Love it. You are truly a master of rarefied photon manipulation. Those colours!

Well, got up in the wee hours this morning to watch the Lyrid meteor shower. Stood around in the cold for half an hour, saw one very brief, dim one, and it wasn’t a Lyrid.

Conclusions: The Lyrid meteor shower is a Chinese hoax. And I should never take up astrophotography, because if I have this luck with naked eye astronomy, you can imagine what my astrophotos will look like.

I think I’ll leave it to our resident master… :slight_smile:

No master. Spend the whole of last night out there with nothing to show. Different problems with the equipment and me trying to solve it. In the end, a low battery pack was the signal to call it a night.

Enough to make one long for the days when you sat looking through the eyepiece, with sketchpad in hand. :slight_smile:

NGC 3576 or the Statue of Liberty nebula.

Very well done Tweefo.

I tried getting a pic of the comet c/2020 f8 (SWAN) which is currently all the rage. I found the first step difficult already - dragging myself out from under the down at 05H00. That’s five-ay-em.* When I eventually found the comet, it was behind a palm tree, and not accessible to the business end of the camera which is joined to the telescope, which is sitting on a mount affixed to a pedestal cast into terra firma. This palm tree has been pushing my eastern horizon ever higher over the years, and now I’m robbed of every celestial marvel below 40 degrees in that direction. I know when I’m beat.

(* Another unfortunate part of rising first in this household is the looks you get later when it becomes known that you cooked coffee only for yourself.)

NGC 3603 from last night. A difficult target with my equipment, plus I struggled a lot with the processing, that’s why it’s too red. Maybe I’ll redo it on another day, but I am tired of this object now. It is actually a star cluster inside the nebula but my equipment is too small to resolve it, I think.

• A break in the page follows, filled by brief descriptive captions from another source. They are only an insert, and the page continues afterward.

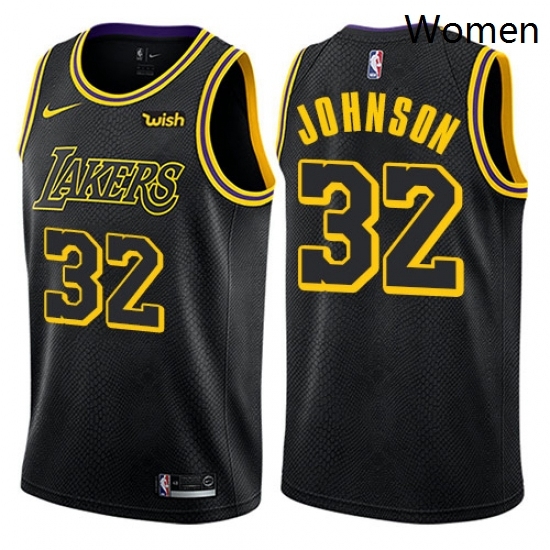 Womens Nike Los Angeles Lakers 32 Magic Johnson Swingman Black NBA Jersey City Edition Womens Nike Los Angeles Lakers 32 Magic Johnson Swingman Black NBA Jersey City Edition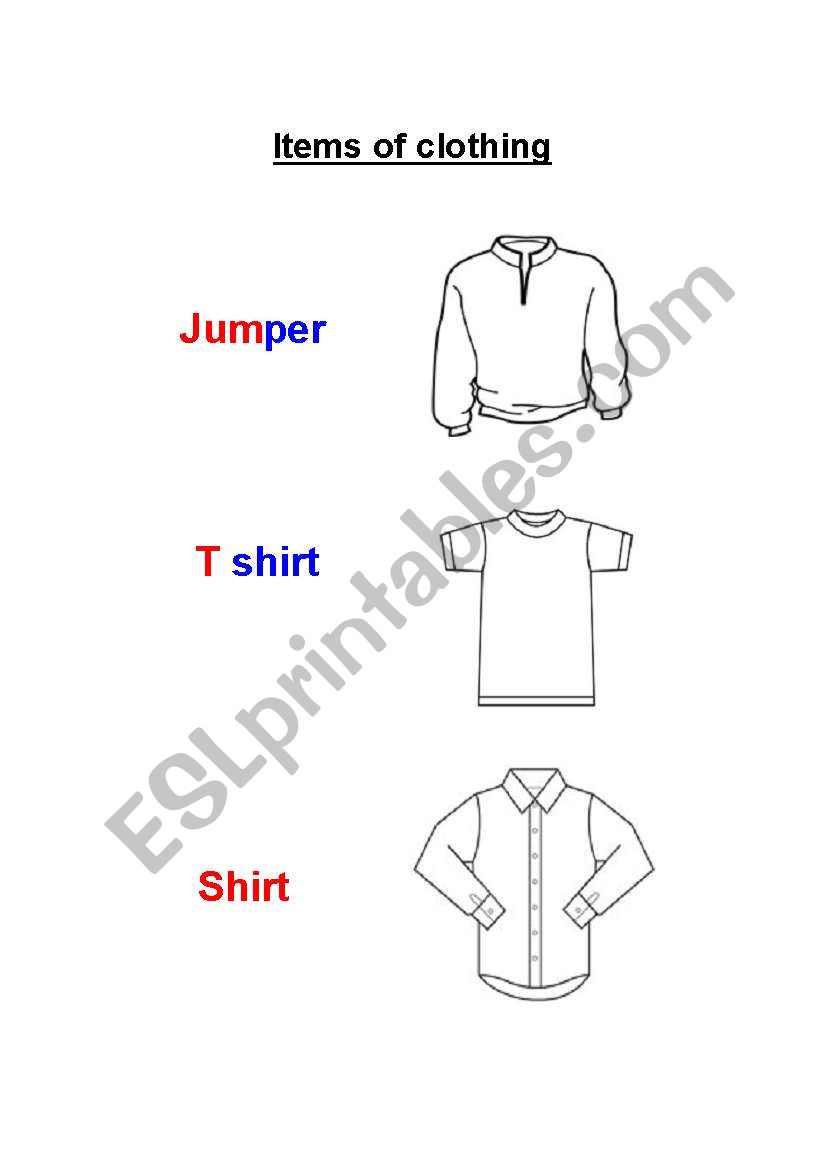 clothing vocabulary worksheet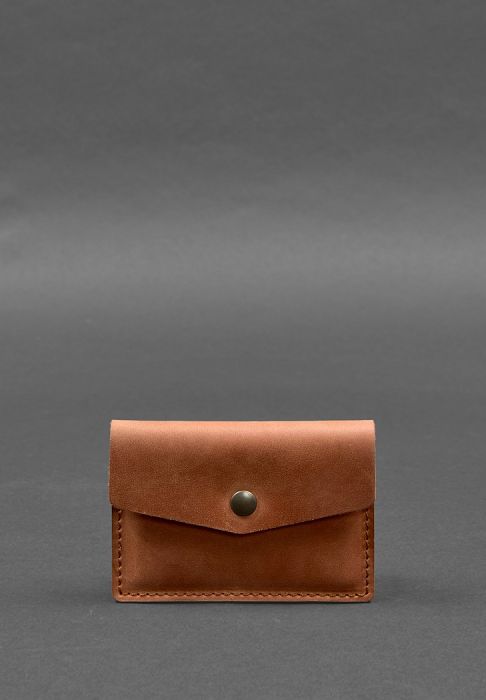 Кожаный кард-кейс 9.0 светло-коричневый Crazy Horse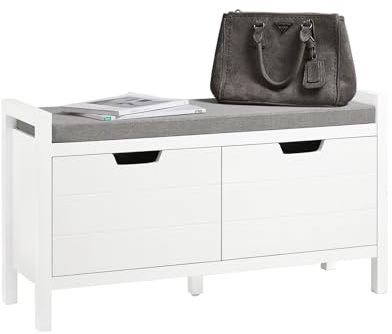 SoBuy Banco Zapatero con 2 Puertas 91x30x50cm para recibidor | Zapatero entrada con asiento y almacenaje cerrado, MDF calidad, cojín lino-esponja, capacidad 150kg, blanco FSR63-II-W
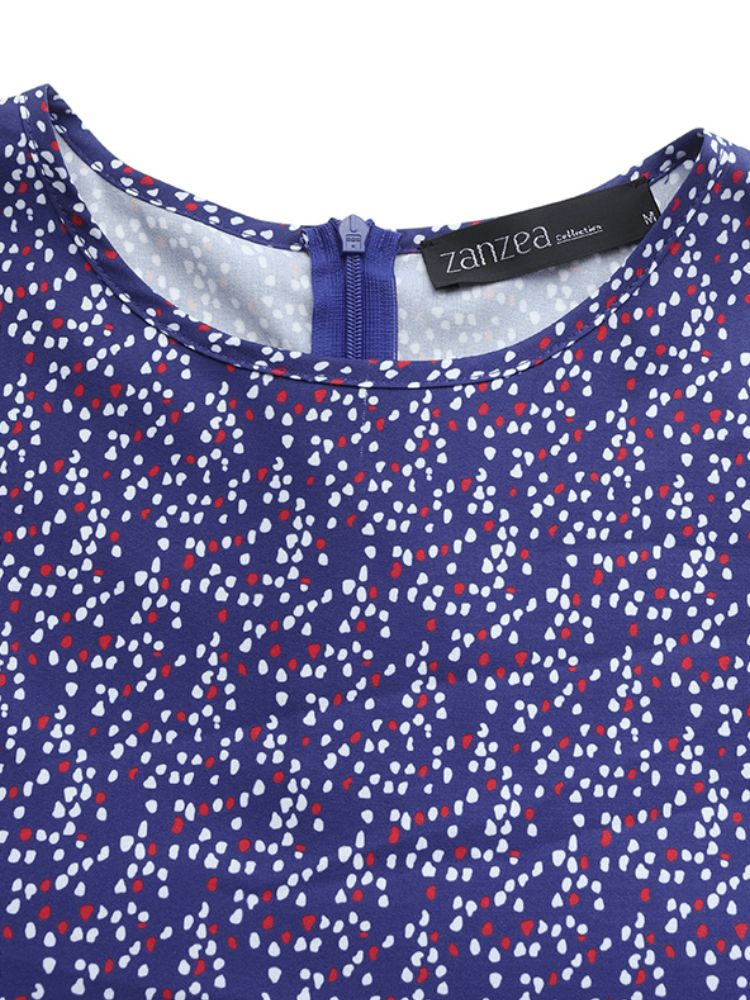 Polka Dot Print Cuello Redondo Cremallera Trasera Casual Vestidos Largos De Manga Larga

Messier 83 or the Southern Pinwheel galaxy.

That is amazing.

The Leo Triplet galaxies taken last night from my backyard.

Lagoon nebula last night.

Getting even better.

I skipped most of this video because it’s hemisphere-centric and, hopefully by now we all know SpaceX launched their dudes.

However the latter part (linked at time) contains some cool stuff: A new “closest” (quoted because who knows…) black hole that can be “seen” (located) from southern skies with the human eye. And a new candidate explanation for FRBs.

Video.

The Trifid nebula last night. Seeing was bad, so not my best Trifid. 39 Frames of 240 seconds each.

Pragtig!

The Prawn nebula.

The Lobster, or also called “The War and Peace Nebula”. Sorry about the spelling mistake. I’ve got no idea how to edit it. (I flattened the layers and saved it in Photoshop before I realised my mistake). War and Peace name is because there is supposed to be a dove to one side and the big part is supposed to look like a skull. My imagination, however, is seriously lacking so I cannot see it.

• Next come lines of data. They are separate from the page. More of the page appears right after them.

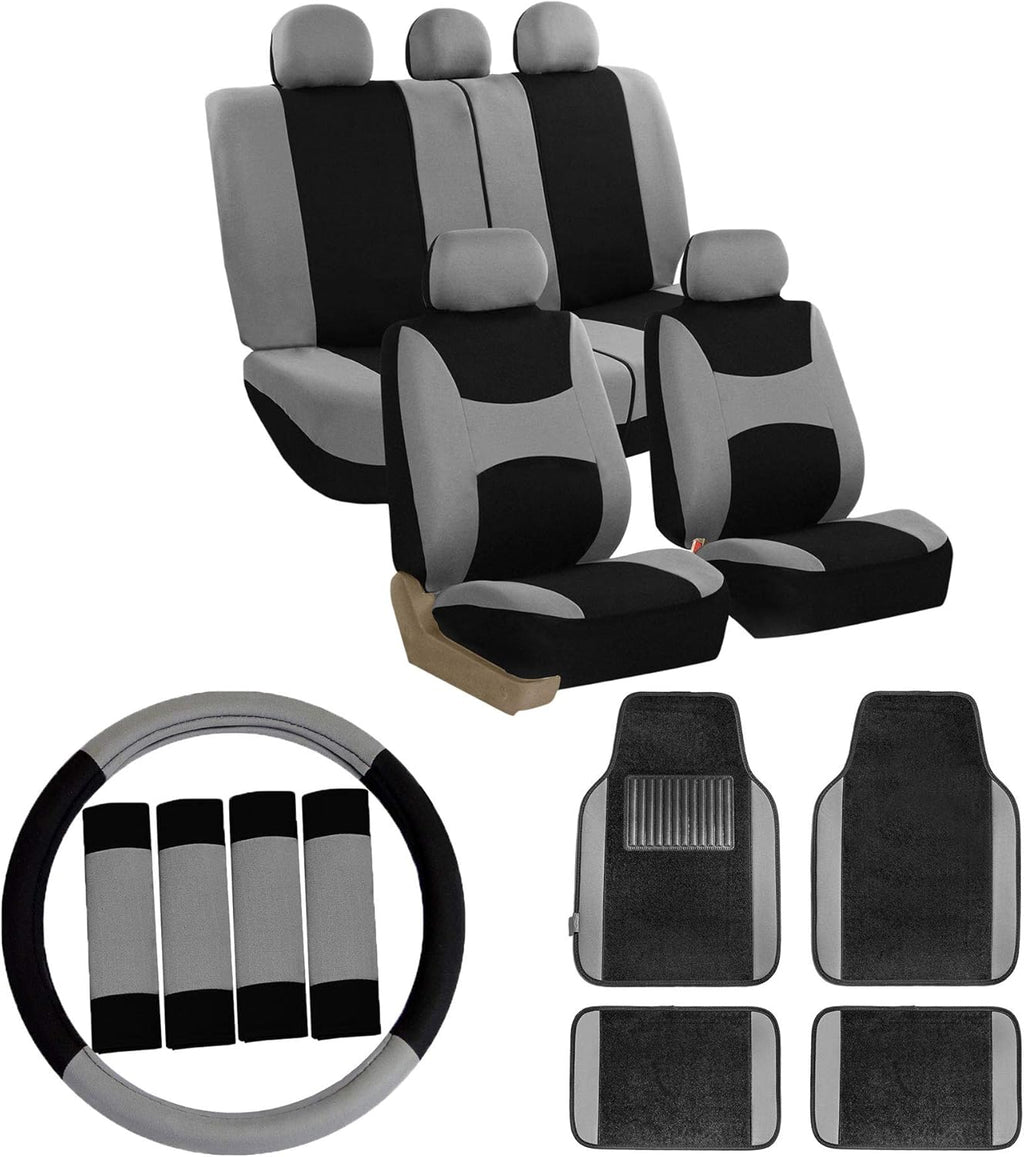 Pink Car Seat Covers Full Set with Floor Mats Steering Wheel Cover and Seat Belt Pads N1984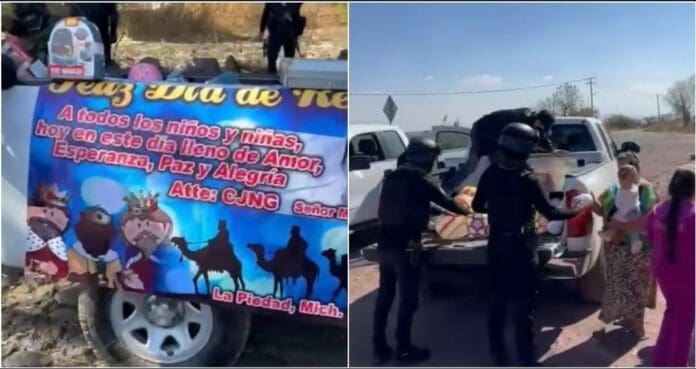 Presuntos integrantes del CJNG fueron captados entregando juguetes a niños de Michoacán con motivo del Día de Reyes.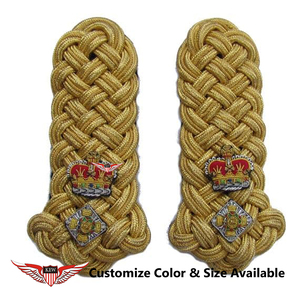 KEW Mylar Thread Embroidered Crown And Star Customizable Luxury Epaulettes Gold <b>Braided</b> Shoulder Board <b>Accessory</b> - Product Image 2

I think I can possibly see the skull, but even though a bird watcher, I see no dove. As for the pease, you could simply claim you were making punny jokes on the subject of whirled peas, and spelled it like that because that’s how it’s spelled in the Game of Thrones series. :slight_smile:

More likely because you are a bird watcher.

Nice work Mr T!

I did the War and Peace nebula again. I added some more photos, so this picture is 3.2 hours worth of data. But I should have stretched it a bit more as my previous effort looks better. I also managed to not make a spelling mistake I think.